[YOUR GOAL] Pictures are to be omitted. Output only the lines from the one containing "Photo of the" through the end of the data, word for word.

Short descriptive text snippets:

##############################

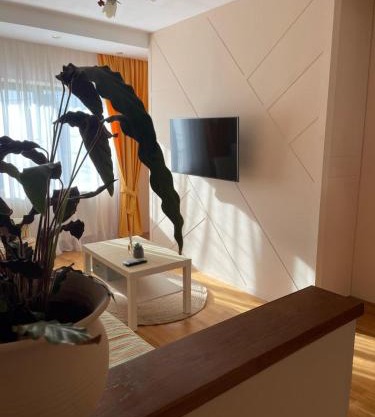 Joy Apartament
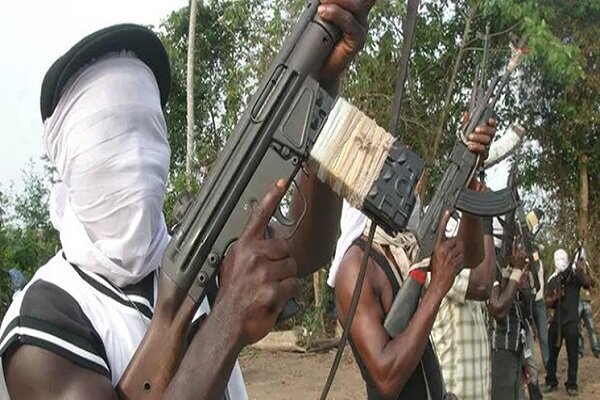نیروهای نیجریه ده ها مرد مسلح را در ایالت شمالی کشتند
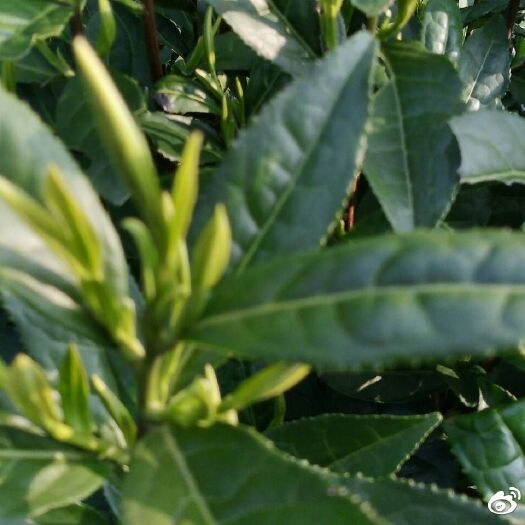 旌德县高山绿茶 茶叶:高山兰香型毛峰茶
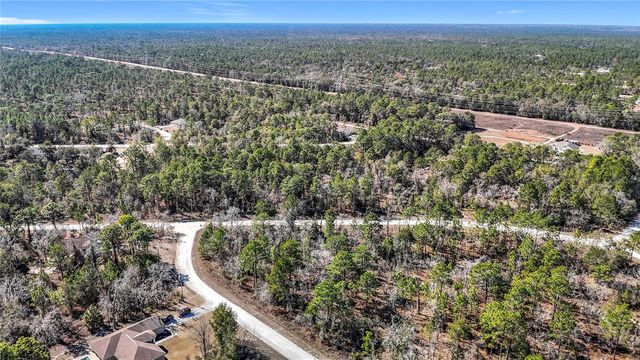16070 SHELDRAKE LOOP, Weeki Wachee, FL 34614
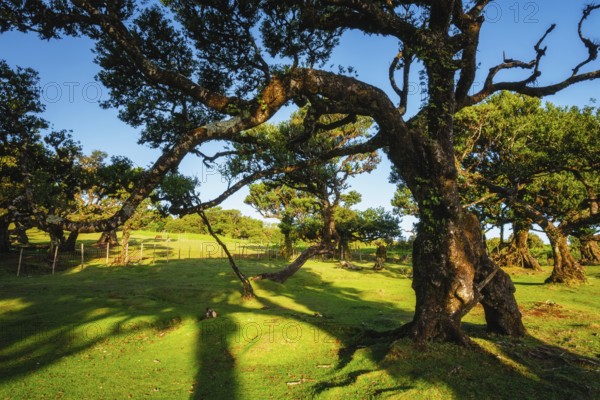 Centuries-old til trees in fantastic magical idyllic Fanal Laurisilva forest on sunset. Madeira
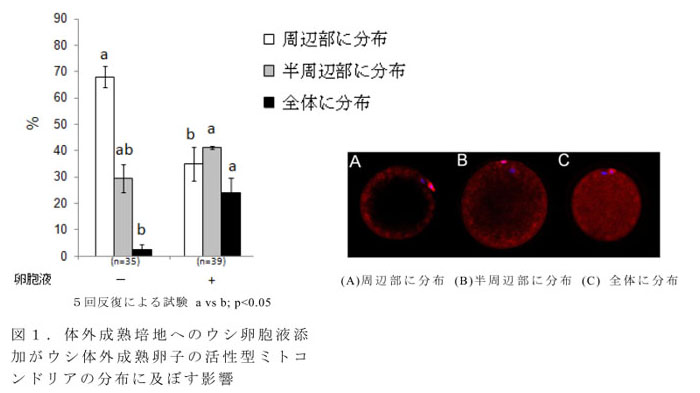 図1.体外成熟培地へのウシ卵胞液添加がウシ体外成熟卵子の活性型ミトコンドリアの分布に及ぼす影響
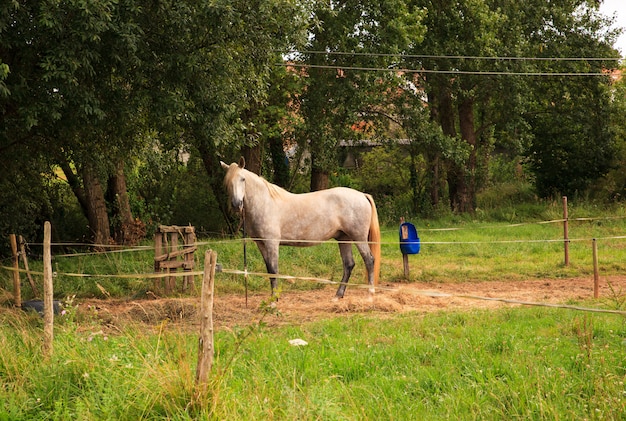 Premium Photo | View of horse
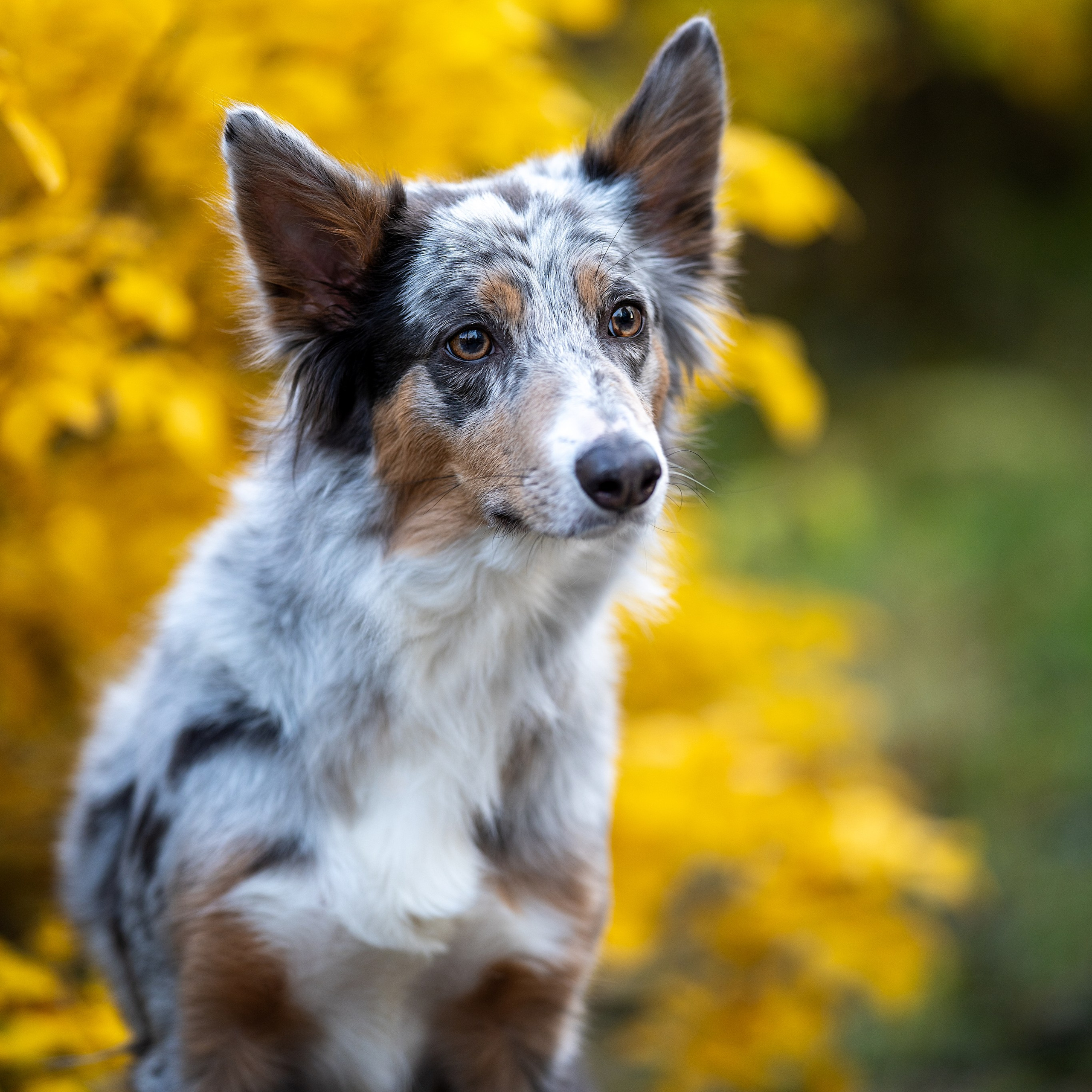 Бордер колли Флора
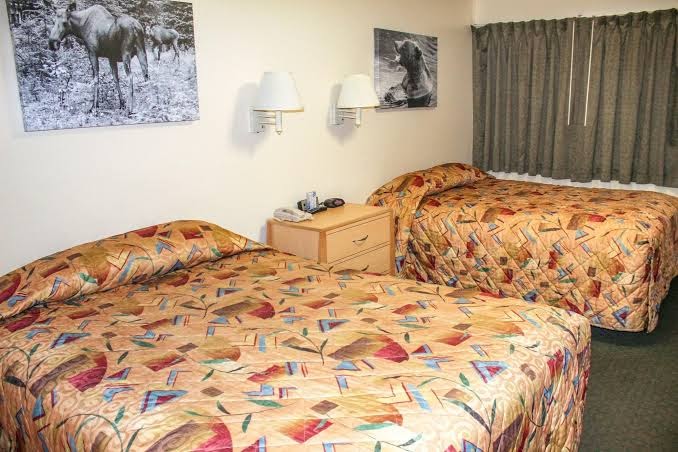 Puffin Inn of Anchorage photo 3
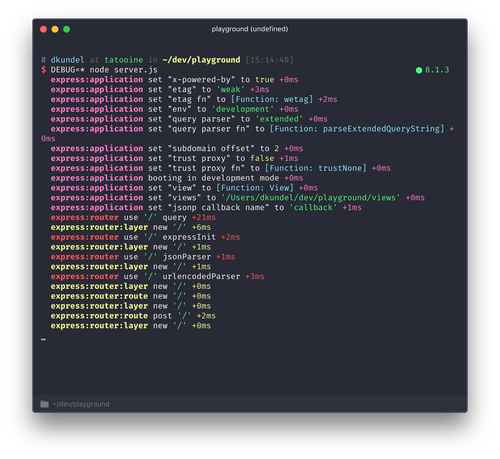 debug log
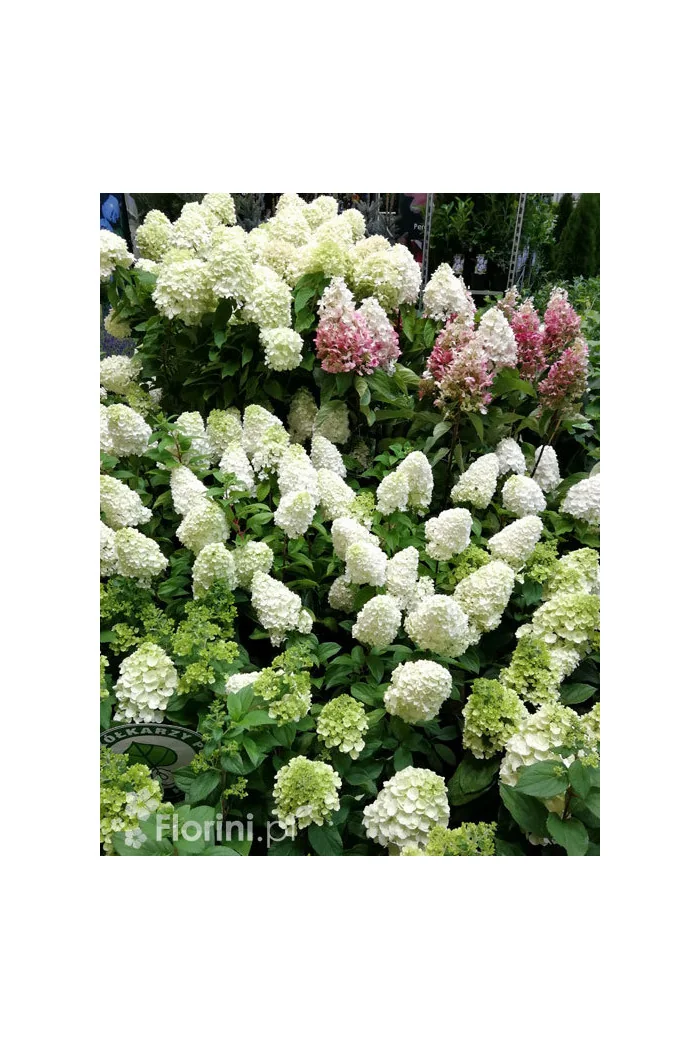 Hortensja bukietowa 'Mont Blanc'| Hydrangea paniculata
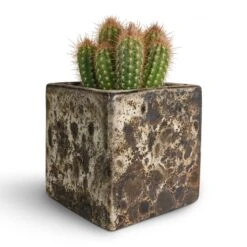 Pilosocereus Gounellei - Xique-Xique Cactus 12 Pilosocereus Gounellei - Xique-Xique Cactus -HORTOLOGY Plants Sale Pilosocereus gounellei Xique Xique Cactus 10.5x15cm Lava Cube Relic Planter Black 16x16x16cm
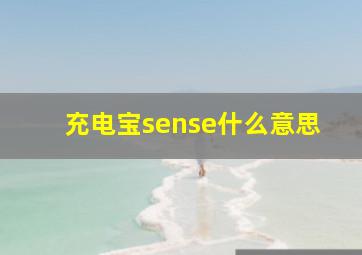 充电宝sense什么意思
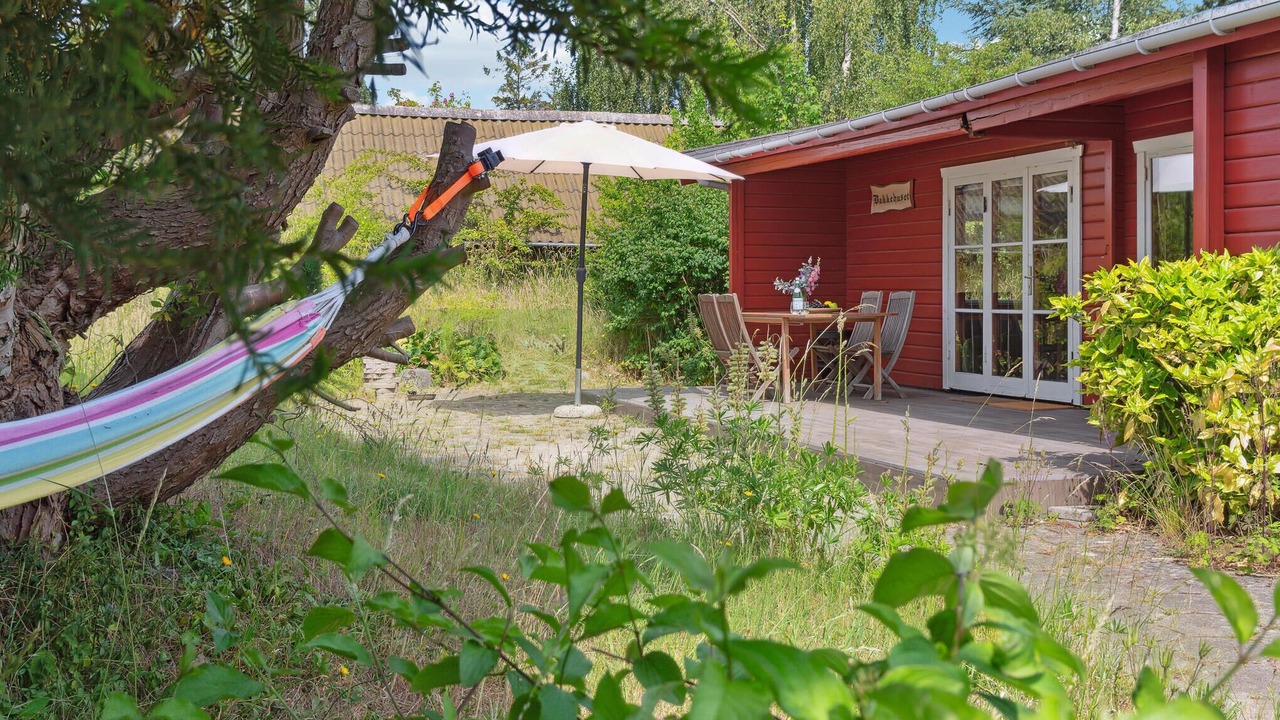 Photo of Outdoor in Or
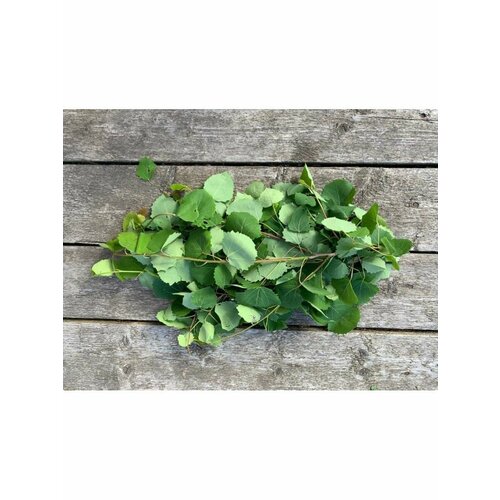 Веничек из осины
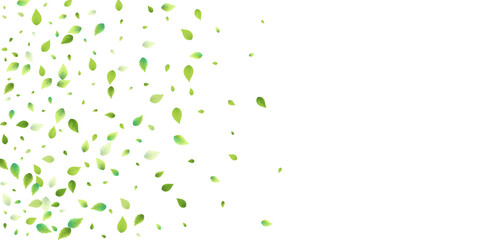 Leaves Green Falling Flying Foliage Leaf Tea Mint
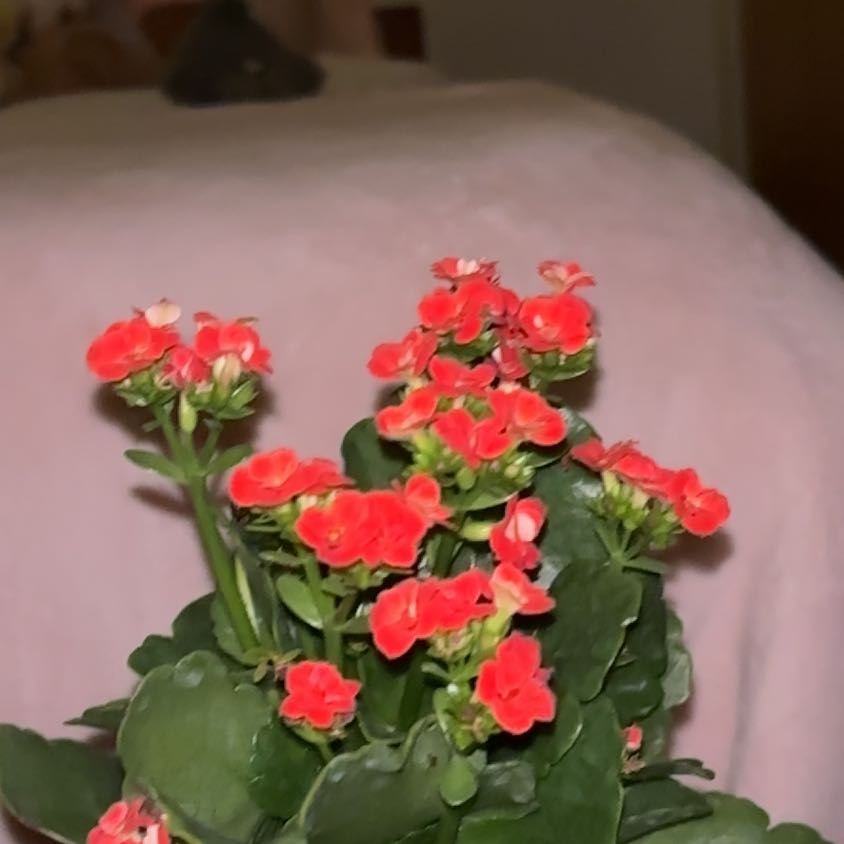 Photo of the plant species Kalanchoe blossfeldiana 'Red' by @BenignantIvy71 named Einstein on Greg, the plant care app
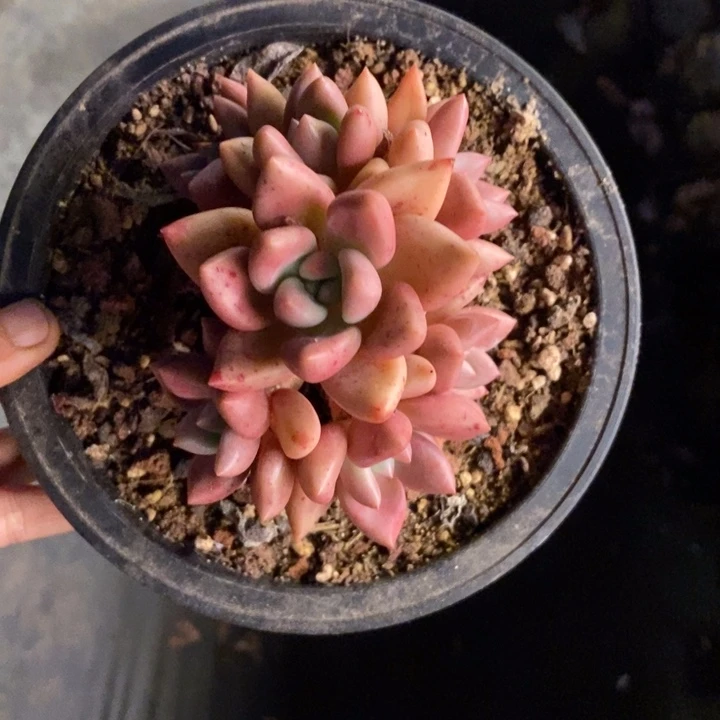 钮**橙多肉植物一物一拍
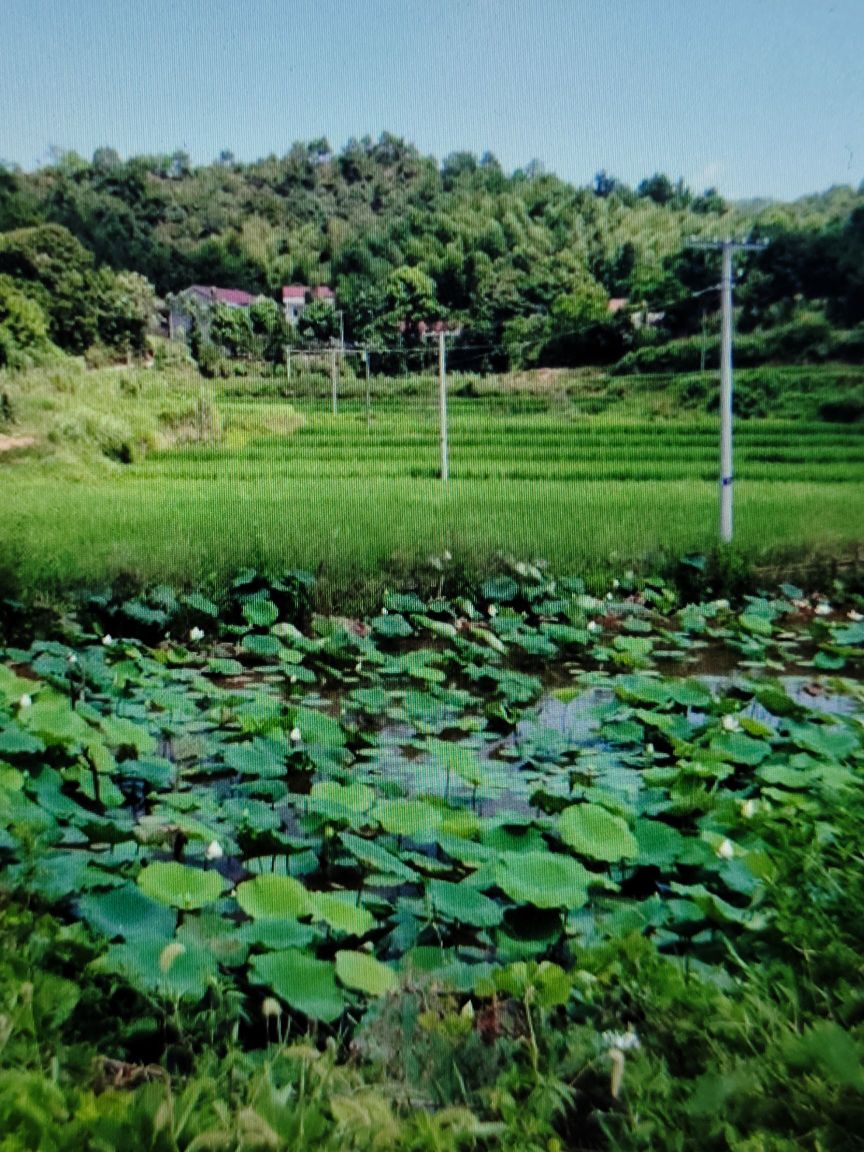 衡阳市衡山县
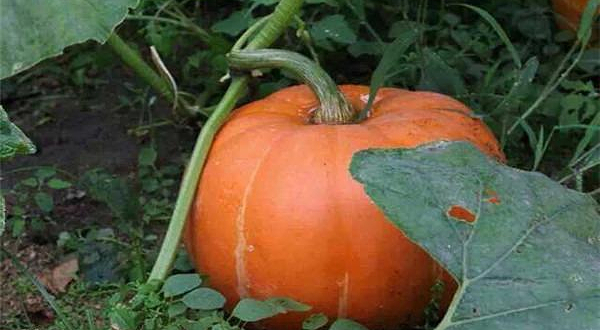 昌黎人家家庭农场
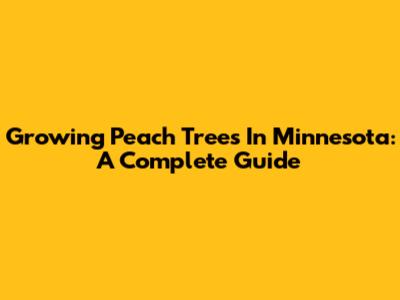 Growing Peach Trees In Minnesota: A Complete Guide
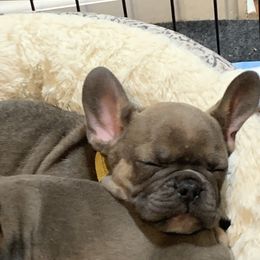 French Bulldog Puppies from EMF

##############################

[ANSWER BOX]
 Photo of the plant species Kalanchoe blossfeldiana 'Red' by @BenignantIvy71 named Einstein on Greg, the plant care app
 钮**橙多肉植物一物一拍
 衡阳市衡山县
 昌黎人家家庭农场
 Growing Peach Trees In Minnesota: A Complete Guide
 French Bulldog Puppies from EMF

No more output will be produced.